Restate verbatim the span of lines below between the line with "Used 2014 Chrysler" and the line with "Yaniv Vararu", including those two lines, and only that span.

## SUPPLIED RECORDS
◆ ◆ ◆ ◆ ◆ ◆ ◆

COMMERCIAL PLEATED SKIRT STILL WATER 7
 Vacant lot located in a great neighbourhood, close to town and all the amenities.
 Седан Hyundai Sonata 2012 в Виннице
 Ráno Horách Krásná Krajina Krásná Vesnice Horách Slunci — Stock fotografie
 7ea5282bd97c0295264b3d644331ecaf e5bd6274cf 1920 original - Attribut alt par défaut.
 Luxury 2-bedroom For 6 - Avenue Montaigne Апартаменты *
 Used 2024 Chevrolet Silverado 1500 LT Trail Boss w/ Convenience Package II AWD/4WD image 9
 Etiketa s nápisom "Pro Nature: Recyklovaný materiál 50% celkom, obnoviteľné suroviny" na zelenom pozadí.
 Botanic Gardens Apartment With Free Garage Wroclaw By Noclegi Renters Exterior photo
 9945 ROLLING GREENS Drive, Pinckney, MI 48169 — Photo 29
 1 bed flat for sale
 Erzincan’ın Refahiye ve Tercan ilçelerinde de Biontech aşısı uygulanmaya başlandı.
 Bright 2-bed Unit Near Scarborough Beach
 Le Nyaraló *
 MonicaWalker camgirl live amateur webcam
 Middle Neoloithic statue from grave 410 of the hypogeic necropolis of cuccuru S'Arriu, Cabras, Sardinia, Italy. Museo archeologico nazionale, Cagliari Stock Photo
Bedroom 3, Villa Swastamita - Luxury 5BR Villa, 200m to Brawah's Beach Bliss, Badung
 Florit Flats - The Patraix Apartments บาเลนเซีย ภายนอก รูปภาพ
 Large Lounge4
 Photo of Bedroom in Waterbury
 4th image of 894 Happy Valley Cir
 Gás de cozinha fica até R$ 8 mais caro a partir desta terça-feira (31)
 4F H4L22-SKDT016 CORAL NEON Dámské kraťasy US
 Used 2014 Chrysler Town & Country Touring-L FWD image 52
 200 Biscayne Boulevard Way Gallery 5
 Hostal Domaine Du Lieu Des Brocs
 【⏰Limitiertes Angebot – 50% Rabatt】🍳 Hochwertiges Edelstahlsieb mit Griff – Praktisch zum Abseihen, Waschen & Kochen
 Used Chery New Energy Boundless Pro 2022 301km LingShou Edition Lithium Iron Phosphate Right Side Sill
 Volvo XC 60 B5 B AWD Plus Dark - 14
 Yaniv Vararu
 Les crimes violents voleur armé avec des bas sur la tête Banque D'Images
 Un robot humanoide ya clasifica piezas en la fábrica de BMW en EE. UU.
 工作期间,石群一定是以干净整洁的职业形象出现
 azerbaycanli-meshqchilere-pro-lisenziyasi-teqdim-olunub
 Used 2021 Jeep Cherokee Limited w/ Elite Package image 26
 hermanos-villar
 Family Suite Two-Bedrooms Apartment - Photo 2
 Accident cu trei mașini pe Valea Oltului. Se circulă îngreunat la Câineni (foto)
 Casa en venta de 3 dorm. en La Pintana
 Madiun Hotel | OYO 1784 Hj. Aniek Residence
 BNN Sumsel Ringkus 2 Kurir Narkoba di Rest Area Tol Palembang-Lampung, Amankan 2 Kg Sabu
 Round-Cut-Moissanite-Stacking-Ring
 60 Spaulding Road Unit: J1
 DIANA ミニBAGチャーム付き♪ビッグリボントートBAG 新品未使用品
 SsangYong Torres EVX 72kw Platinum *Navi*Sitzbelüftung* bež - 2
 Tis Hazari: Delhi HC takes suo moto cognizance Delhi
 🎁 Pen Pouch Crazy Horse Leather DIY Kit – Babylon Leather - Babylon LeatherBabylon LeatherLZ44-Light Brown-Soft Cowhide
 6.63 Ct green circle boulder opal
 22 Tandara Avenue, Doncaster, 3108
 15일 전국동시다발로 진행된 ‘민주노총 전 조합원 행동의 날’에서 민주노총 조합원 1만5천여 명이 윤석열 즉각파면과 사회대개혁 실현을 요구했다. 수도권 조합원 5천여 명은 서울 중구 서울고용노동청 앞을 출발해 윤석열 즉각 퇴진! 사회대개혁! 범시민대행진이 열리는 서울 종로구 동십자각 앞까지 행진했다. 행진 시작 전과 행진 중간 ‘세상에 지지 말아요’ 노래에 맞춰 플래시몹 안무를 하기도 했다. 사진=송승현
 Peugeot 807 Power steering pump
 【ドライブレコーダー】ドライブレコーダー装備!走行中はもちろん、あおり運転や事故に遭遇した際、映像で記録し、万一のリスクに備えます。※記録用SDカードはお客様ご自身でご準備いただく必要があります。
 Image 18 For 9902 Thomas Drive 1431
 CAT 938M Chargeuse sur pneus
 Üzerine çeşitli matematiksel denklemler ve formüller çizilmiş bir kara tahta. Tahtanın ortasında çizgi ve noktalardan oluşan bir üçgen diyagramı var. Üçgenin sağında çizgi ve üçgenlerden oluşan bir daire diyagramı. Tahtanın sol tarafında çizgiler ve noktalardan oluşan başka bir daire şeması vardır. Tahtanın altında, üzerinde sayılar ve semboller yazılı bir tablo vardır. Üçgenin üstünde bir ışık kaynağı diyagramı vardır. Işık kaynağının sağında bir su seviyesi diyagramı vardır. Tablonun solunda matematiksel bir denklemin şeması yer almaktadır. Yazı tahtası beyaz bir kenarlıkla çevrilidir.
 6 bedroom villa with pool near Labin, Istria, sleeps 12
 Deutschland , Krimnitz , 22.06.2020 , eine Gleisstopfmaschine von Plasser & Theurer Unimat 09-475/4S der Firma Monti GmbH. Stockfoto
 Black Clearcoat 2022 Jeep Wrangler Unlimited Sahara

◆ ◆ ◆ ◆ ◆ ◆ ◆

## FINISHED EXERCISE
 Used 2014 Chrysler Town & Country Touring-L FWD image 52
 200 Biscayne Boulevard Way Gallery 5
 Hostal Domaine Du Lieu Des Brocs
 【⏰Limitiertes Angebot – 50% Rabatt】🍳 Hochwertiges Edelstahlsieb mit Griff – Praktisch zum Abseihen, Waschen & Kochen
 Used Chery New Energy Boundless Pro 2022 301km LingShou Edition Lithium Iron Phosphate Right Side Sill
 Volvo XC 60 B5 B AWD Plus Dark - 14
 Yaniv Vararu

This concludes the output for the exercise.